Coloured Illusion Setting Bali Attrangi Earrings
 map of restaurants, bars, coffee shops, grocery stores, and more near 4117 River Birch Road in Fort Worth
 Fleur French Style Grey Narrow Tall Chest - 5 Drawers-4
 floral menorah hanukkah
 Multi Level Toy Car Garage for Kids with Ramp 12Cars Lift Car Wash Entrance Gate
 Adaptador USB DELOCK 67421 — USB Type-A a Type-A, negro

........

The whole of the material should be restated word for word.

**Result below**
Coloured Illusion Setting Bali Attrangi Earrings
 map of restaurants, bars, coffee shops, grocery stores, and more near 4117 River Birch Road in Fort Worth
 Fleur French Style Grey Narrow Tall Chest - 5 Drawers-4
 floral menorah hanukkah
 Multi Level Toy Car Garage for Kids with Ramp 12Cars Lift Car Wash Entrance Gate
 Adaptador USB DELOCK 67421 — USB Type-A a Type-A, negro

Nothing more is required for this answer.